Extracted records

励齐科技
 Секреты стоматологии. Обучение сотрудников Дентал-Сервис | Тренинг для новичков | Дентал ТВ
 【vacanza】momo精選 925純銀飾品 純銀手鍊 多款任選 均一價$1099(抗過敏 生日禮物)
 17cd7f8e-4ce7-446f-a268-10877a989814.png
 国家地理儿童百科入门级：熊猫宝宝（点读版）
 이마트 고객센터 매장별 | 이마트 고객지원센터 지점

• WORK ORDER
A word-for-word restatement of the lines running from the one with "Секреты стоматологии. Обучение" to the last line of the records is the whole answer.

• SOLUTION TO THIS TASK
 Секреты стоматологии. Обучение сотрудников Дентал-Сервис | Тренинг для новичков | Дентал ТВ
 【vacanza】momo精選 925純銀飾品 純銀手鍊 多款任選 均一價$1099(抗過敏 生日禮物)
 17cd7f8e-4ce7-446f-a268-10877a989814.png
 国家地理儿童百科入门级：熊猫宝宝（点读版）
 이마트 고객센터 매장별 | 이마트 고객지원센터 지점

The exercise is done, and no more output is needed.